■ Action item ■
Give back only the lines in the records below from the one with "EYEBOGLER Oversized T" to the one with "Настенный постер с", both inclusive, word for word.

--------------------

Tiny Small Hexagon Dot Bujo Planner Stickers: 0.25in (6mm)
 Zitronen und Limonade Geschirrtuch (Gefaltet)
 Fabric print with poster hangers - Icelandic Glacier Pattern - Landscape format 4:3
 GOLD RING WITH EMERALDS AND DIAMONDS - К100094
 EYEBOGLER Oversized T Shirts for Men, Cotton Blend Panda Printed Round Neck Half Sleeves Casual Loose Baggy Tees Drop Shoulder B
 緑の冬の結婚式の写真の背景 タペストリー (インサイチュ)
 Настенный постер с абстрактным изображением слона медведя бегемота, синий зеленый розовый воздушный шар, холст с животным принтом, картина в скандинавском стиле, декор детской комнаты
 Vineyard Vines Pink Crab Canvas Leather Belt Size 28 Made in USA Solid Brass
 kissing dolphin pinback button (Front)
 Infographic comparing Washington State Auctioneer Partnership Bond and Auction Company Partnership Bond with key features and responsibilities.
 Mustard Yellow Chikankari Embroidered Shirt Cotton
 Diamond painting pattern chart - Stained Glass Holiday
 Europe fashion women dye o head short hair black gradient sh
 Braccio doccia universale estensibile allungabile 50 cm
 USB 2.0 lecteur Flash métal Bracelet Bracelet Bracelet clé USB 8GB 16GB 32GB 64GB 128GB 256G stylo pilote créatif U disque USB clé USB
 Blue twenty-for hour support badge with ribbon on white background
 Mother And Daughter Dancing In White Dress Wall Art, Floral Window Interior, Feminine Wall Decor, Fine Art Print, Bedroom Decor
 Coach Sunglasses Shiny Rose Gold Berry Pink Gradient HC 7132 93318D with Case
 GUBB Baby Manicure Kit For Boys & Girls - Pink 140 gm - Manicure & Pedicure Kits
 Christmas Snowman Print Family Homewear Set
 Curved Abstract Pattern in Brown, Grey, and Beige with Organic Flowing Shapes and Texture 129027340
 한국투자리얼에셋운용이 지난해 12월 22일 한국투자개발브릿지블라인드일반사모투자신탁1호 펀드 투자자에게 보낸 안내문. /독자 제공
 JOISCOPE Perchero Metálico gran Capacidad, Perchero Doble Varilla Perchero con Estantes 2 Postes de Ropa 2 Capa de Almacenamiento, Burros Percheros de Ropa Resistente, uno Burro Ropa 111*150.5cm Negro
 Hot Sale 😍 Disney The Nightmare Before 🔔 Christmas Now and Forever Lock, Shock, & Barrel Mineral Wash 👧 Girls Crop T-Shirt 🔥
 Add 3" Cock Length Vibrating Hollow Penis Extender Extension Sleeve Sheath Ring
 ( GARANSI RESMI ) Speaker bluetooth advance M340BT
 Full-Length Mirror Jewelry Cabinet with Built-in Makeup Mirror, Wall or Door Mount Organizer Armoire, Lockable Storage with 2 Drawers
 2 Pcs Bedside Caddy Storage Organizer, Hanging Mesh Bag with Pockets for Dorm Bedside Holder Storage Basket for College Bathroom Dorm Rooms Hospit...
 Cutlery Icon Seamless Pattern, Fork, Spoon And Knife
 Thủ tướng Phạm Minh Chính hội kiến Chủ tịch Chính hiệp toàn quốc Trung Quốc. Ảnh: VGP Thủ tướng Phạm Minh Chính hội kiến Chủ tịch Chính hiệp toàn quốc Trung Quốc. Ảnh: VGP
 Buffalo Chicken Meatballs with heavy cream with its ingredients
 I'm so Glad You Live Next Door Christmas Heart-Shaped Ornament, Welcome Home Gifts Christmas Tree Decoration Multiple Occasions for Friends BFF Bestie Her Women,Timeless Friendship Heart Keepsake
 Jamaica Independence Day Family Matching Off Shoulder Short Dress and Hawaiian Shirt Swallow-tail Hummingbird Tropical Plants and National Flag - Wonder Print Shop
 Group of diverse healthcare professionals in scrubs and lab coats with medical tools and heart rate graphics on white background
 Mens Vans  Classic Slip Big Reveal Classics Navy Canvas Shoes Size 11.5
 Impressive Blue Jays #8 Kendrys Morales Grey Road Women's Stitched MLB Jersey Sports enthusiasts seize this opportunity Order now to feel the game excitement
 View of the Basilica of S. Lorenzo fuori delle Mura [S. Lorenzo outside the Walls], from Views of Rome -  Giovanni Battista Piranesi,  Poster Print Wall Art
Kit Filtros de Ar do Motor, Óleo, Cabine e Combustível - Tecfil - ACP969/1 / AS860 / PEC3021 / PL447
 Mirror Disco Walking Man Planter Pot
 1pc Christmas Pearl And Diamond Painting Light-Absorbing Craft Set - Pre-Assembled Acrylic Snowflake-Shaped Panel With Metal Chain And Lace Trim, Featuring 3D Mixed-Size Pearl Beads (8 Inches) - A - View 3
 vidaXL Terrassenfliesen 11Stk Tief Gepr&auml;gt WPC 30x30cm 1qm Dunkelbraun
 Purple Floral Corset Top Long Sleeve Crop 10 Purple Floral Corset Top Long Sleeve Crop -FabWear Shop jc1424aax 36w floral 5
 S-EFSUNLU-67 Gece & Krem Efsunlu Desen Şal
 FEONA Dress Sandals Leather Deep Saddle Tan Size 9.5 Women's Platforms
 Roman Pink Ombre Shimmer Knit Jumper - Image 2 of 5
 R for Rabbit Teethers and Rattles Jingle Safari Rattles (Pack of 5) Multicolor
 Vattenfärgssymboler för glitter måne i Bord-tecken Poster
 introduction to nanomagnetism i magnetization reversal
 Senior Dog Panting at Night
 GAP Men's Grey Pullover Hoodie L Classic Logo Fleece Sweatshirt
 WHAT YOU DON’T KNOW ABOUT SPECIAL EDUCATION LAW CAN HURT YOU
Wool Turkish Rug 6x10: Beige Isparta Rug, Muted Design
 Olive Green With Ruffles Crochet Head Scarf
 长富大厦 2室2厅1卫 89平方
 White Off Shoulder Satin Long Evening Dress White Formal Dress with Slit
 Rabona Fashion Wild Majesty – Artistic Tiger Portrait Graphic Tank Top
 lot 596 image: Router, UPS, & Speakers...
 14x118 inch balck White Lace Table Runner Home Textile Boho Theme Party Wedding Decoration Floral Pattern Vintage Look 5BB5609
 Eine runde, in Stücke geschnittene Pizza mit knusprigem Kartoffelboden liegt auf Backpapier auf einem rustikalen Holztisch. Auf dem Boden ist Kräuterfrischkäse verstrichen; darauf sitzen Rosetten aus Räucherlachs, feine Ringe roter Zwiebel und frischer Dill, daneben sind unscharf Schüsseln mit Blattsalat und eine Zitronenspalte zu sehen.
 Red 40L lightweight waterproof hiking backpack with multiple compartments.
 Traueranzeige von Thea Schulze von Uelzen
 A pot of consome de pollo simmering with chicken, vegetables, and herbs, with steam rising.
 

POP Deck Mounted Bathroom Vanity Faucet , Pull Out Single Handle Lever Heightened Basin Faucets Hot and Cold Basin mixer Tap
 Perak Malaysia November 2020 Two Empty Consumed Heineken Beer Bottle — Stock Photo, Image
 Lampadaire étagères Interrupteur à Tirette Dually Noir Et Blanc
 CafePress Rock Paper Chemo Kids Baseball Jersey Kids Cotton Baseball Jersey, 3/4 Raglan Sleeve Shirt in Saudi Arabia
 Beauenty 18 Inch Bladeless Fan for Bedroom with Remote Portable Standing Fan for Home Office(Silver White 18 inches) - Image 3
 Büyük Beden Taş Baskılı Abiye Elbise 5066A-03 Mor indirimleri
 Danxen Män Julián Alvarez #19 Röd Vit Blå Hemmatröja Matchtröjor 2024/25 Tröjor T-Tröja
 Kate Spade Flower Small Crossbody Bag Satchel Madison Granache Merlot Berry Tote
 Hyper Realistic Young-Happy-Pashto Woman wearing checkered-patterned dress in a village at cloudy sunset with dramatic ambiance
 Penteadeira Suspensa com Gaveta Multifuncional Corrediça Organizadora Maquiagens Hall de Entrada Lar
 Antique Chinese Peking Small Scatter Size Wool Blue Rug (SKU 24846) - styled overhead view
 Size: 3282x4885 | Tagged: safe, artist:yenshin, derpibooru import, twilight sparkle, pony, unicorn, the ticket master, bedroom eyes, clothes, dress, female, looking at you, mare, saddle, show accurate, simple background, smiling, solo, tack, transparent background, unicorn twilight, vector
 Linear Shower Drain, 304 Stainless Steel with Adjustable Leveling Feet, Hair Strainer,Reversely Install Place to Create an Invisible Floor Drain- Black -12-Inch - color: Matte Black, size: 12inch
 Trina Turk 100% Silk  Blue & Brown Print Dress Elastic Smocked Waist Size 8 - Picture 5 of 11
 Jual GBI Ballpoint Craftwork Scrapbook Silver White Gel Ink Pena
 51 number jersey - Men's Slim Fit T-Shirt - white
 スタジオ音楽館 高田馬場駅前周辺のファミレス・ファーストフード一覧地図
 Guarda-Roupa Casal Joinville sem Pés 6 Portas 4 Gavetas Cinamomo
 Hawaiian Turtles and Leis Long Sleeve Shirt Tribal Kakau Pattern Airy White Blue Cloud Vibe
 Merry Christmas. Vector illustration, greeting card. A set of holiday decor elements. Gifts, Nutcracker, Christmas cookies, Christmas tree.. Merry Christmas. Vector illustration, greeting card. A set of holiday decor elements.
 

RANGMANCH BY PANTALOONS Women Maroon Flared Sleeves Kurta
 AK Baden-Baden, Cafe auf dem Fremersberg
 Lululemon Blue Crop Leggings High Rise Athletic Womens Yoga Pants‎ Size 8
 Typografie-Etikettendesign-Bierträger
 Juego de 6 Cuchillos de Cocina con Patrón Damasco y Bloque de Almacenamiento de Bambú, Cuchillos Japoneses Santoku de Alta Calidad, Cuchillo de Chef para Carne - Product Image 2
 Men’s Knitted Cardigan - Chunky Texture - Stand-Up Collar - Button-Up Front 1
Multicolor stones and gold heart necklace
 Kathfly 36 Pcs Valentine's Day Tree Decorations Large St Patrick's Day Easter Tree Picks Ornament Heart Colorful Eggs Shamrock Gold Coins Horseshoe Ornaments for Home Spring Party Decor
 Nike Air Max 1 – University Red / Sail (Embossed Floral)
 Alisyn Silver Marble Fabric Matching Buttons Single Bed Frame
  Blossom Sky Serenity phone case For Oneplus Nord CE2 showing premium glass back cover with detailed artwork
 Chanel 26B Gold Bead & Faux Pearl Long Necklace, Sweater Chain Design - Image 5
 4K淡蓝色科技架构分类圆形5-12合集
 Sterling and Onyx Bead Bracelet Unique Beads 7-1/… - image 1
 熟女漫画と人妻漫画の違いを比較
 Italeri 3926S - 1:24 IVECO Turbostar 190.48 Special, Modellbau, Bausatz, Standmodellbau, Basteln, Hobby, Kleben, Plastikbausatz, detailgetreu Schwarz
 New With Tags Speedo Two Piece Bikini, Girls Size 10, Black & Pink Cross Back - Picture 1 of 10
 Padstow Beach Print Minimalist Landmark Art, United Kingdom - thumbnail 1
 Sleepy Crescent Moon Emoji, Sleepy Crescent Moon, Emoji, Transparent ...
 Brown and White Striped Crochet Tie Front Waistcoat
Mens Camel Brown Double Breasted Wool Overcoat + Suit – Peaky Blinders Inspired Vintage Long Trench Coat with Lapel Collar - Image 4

--------------------

■ Written response ■
 EYEBOGLER Oversized T Shirts for Men, Cotton Blend Panda Printed Round Neck Half Sleeves Casual Loose Baggy Tees Drop Shoulder B
 緑の冬の結婚式の写真の背景 タペストリー (インサイチュ)
 Настенный постер с абстрактным изображением слона медведя бегемота, синий зеленый розовый воздушный шар, холст с животным принтом, картина в скандинавском стиле, декор детской комнаты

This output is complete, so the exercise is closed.